La mujer sonrió fríamente.
—No —dijo—. Jamás. Cierto era que había perdido todo respeto por la vida humana, y que me hubiera resultado más sencillo descargar una ametralladora en un supermercado que fumigar insecticida sobre un mosquito repelente. Pero, aunque me resultase fácil de hacer, no encontraba particularmente divertido el matar sin motivo alguno, sin que mediara la menor provocación. Era distinto cuando estaba con Cannat, porque entonces me sentía arrastrada a una vorágine compulsiva que compartía con él. Y, juntos, nos reíamos y disfrutábamos como si el mundo fuese un inmenso parque de atracciones. Su pasión, su exuberante alegría de vivir, su dominio sobre un mundo que reinventaba cada día, me empujaban, me vivificaban. Pero, sola, ¿qué emoción podía sentir? Yo nunca fui una psicópata, no era mi mente la que estaba trastornada por algún trauma Freudiano. Entiéndalo. Pero, aunque el asesinato me hubiese causado placer en sí mismo, la trágica expresión de sentido dolor que Shallem mantuvo hasta varios años después, me disuadía de toda nueva intentona criminal.
La mujer se levantó de la mesa y deambuló, lentamente, por la habitación.
—Al día siguiente, por la mañana —se dispuso a contar ahora—, Cannat me encontró sola, sentada en el sofá del saloncito de nuestro lujoso apartamento, hojeando una de esas estúpidas revistas. Me levantó, cogiéndome de un brazo, y me sacudió con tal violencia que me pareció que me lo iba a descoyuntar.
»—¡Estúpida! —me gritó, con los ojos llameantes—. ¡Te mataré! ¿Me oyes? ¡Cumple con tu cometido o te mataré!
»—¿Qué dices? —le pregunté, perpleja y dolorida, intentando desasirme—. ¿Qué cometido?

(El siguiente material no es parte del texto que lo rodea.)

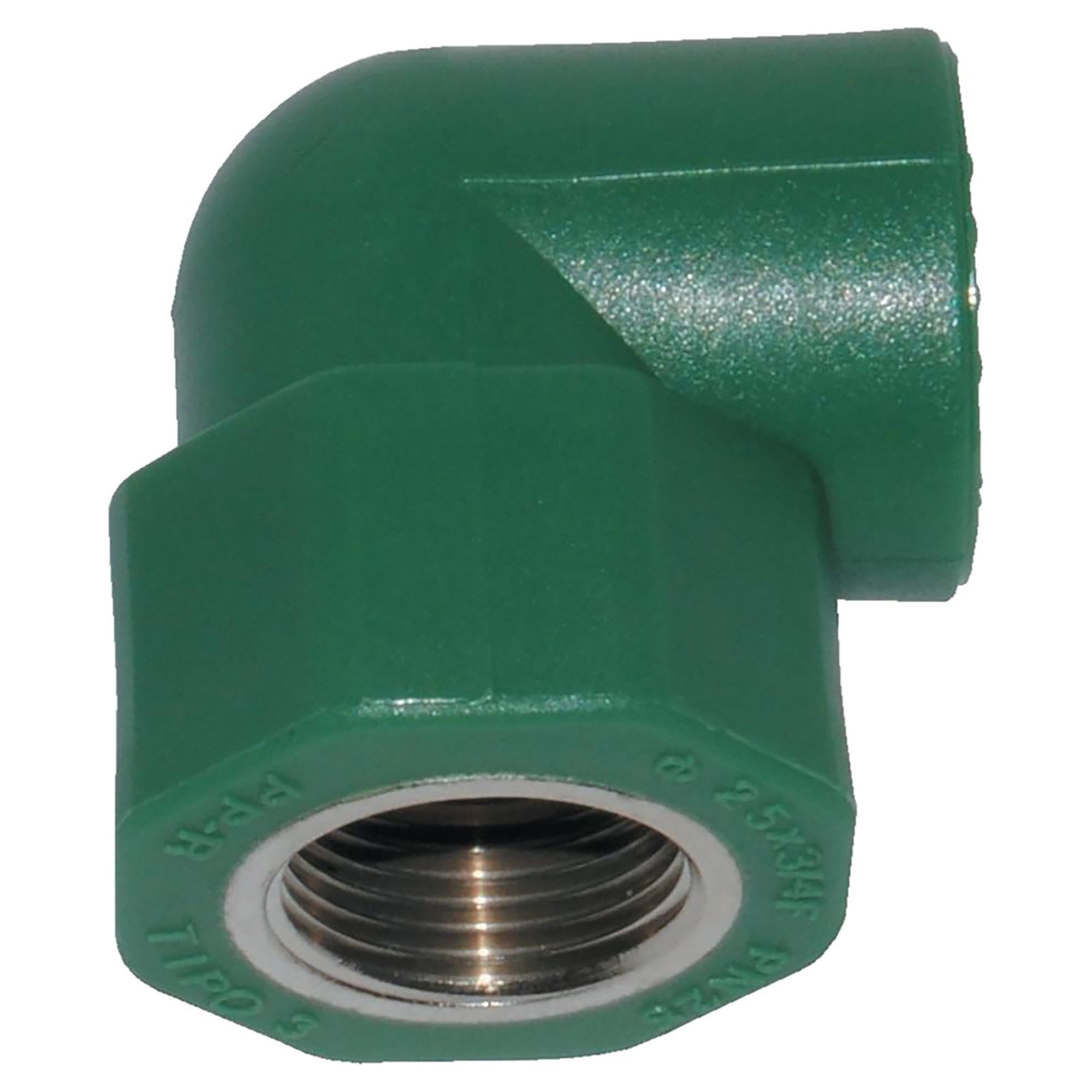 Gomito 90° In Polipropilene Riegolux – Attacco Femmina 3/4” X 25 Mm Per Impianti Idraulici
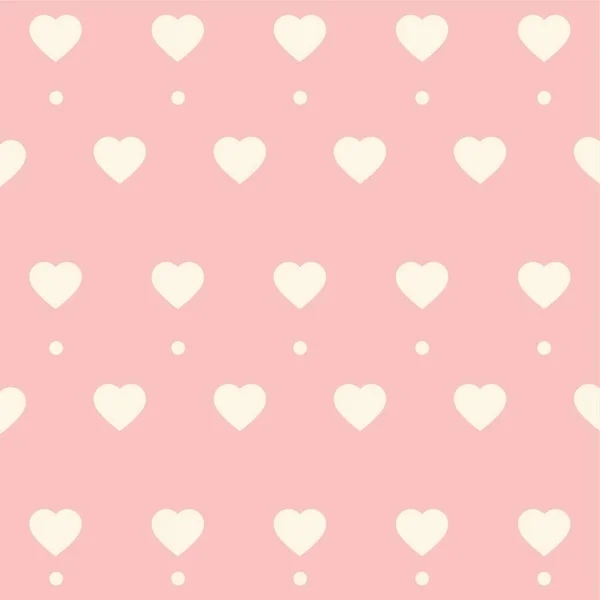 Seamless Heart Patterns Background — Stock Vector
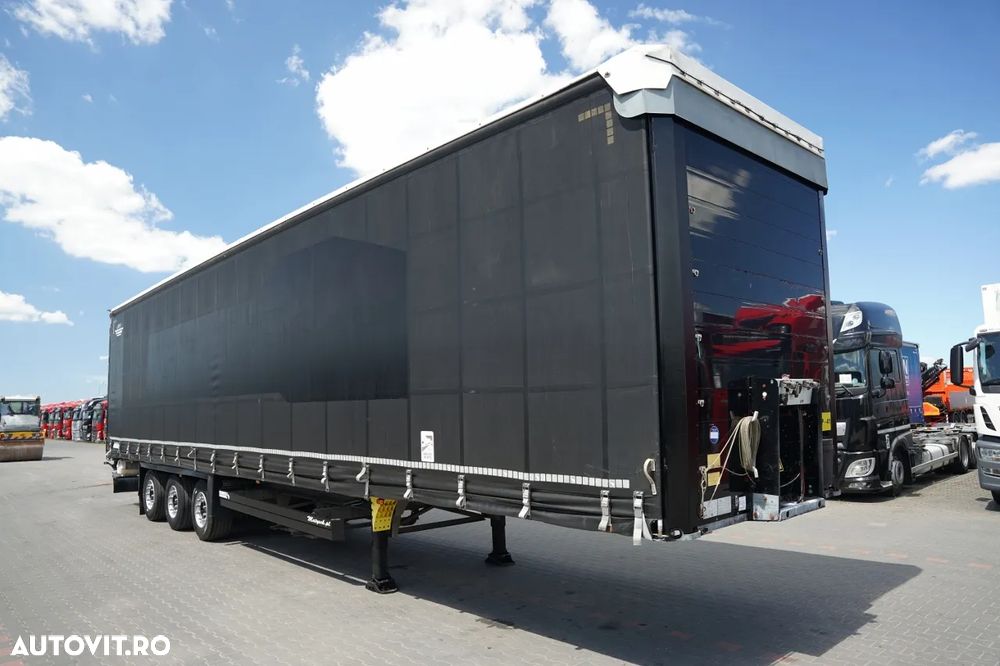 Schmitz Cargobull CORTINĂ / MEGA / PLATFORMĂ JOSĂ / ACOPERIȘ RIDICAT / AXĂ RIDICATĂ - 7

»Me agarró entonces por el cabello y me arrojó sobre el sofá. Hacía cientos de años que no le veía tan iracundo; no contra mí, al menos. Se inclinó sobre mí y me acorraló con sus brazos.
»—¿Por qué demonios piensas que aún sigues viva? —preguntó, deleitándose en la lenta y rugiente pronunciación de las palabras.
»Sentí extrañeza, más que auténtico terror.
»—Dímelo tú —le exhorté desafiante, sintiendo el calor de su pecho sobre el mío y su aliento traspasando mi piel—. Siempre he sospechado que existía una interesante respuesta. Sí, dime por qué has defendido ardorosamente mi vida durante más de trescientos años incluso en contra de sus deseos. ¿Qué ocurrió para que, en el último instante, decidieras entregarme el cuerpo de Ingrid?
»—Limítate a cumplir lo que te ordeno. ¡Obedéceme! —gritó poniéndose en pie.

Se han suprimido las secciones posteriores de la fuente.